Approximate scope is demonstrated in
TBD
Incoming
Have not updated the subsequent ones for quite some time and I suspect many of them are defunct.
Teachable machine is a web-based tool that makes creating machine learning models fast, easy, and accessible to everyone.
The models you make with Teachable Machine are real Tensorflow.js models that work anywhere javascript runs, so they play nice with tools like Glitch, P5.js, Node.js & more.
Plus, export to different formats to use your models elsewhere, like Coral, Arduino & more.
deeplearn.js, which can load tensorflow checkpoints Update: It’s now called tensorflow.js: “A WebGL accelerated, browser based JavaScript library for training and deploying ML models.” More precisely, “TensorFlow.js, an ecosystem of JavaScript tools for machine learning, is the successor to deeplearn.js which is now called TensorFlow.js Core.” Includes lots of sample code for integration with the browser etc.
- subgraphs.js is a visual IDE for developing computational graphs, particularly designed for deep neural networks. Subgraphs is built with tensorflow.js, node, and react, and serves on Google Cloud.

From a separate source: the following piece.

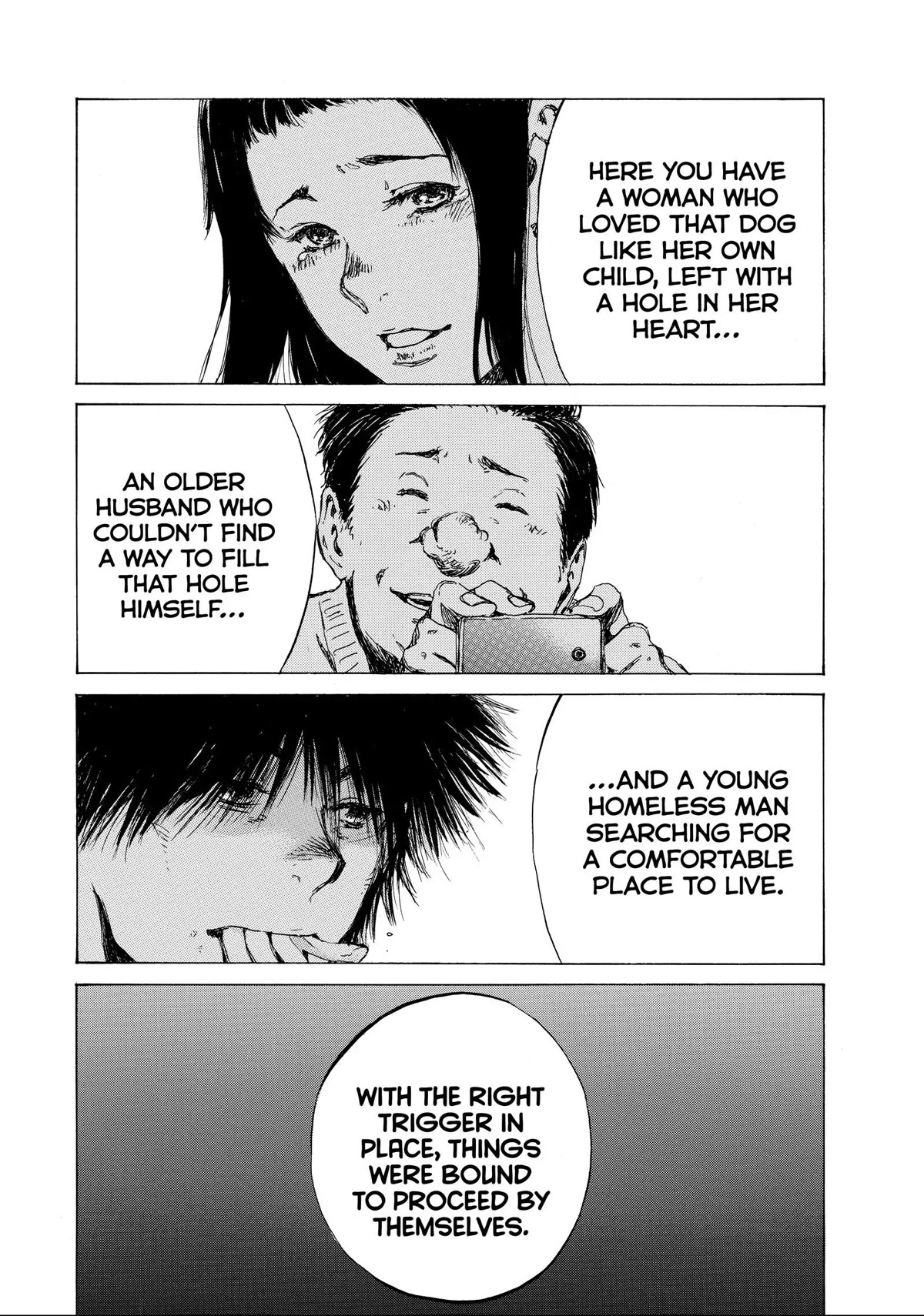 Back When You Called Us Devils Chapter 69 page 16 - Chapter 69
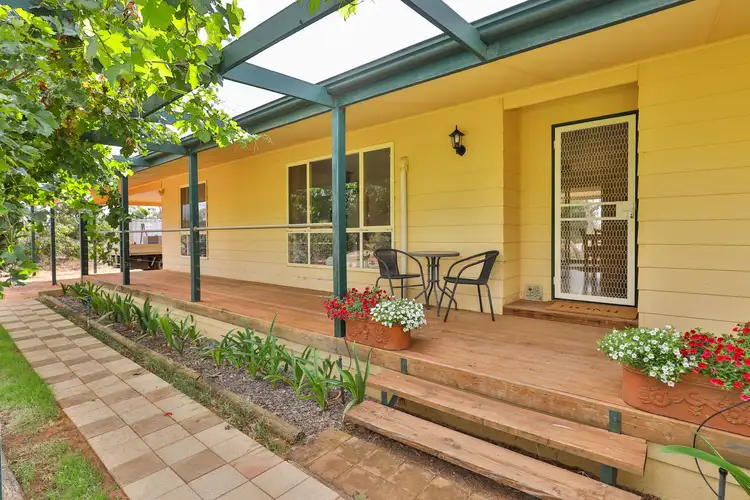 Second view of Homely rural property listing, 407 Sculthorpe Road, Nangiloc VIC 3494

keras-js runs pre-trained keras deep learning models in the browser
Run Keras models (trained using Tensorflow backend) in your browser, with GPU support. Models are created directly from the Keras JSON-format configuration file, using weights serialized directly from the corresponding HDF5 file.
Inspiration is drawn from a number of deep learning / neural network libraries for JavaScript and the browser, including Tensorflow Playground, ConvNetJS, synaptic, brain, CaffeJS, MXNetJS. However, the focus of this library is on inference only.
Tensor operations are extended on top of the ndarray library. GPU support is powered by WebGL through weblas.
hardmaru presents an introduction to running sophisticated neural networks in the browser, targeted at artists
This looks genuinely amazing in terms of functionality and even includes native support for worker threads and concurrency. However… it is lacking modern web wrappings such as npm packaging etc, so is not convenient to use from e.g. webpack.
Twin to lalolib, a linear algebra library.
Javascript inference and training: convnetjs
- plus bonus interview
- less active, sister project for recurrent networks: recurrentjs
synapticjs is a full-featured javascript training, inference and visualisation system for neural network, with good documentation. Great learning resource, with plausible examples. Actively maintained.
This library includes a few built-in architectures like multilayer perceptrons, multilayer long-short term memory networks (LSTM), liquid state machines or Hopfield networks, and a trainer capable of training any given network, which includes built-in training tasks/tests like solving an XOR, completing a Distracted Sequence Recall task or an Embedded Reber Grammar test, so you can easily test and compare the performance of different architectures.
javascript inference only, neocortex.js in the browser. Civilised, but untouched since February 2016.
brainjs is unmaintained now but looked like a simple javascript neural network library.
mindjs is a simple one where you can see the moving parts.
WebPPL is a successor to Church designed as a teaching language for probabilistic reasoning in the browser. Has hip features.
- Runs on the command line with node.js or in the browser.
- Supports modular and re-usable code using packages built on top of the npm package system, and interoperates with existing Javascript packages in the npm ecosystem.
- Includes a large and expanding library of primitive distributions.
- Implements a variety of inference algorithms, including exact inference via enumeration, rejection sampling, Sequential Monte Carlo, Markov Chain Monte Carlo, Hamiltonian Monte Carlo, and inference-as-optimization (e.g. variational inference).
- Provides inference as a first-class operator in the language, allowing for nested inference (‘inference about inference’).
- Supports optimizable models with neural network components using adnn.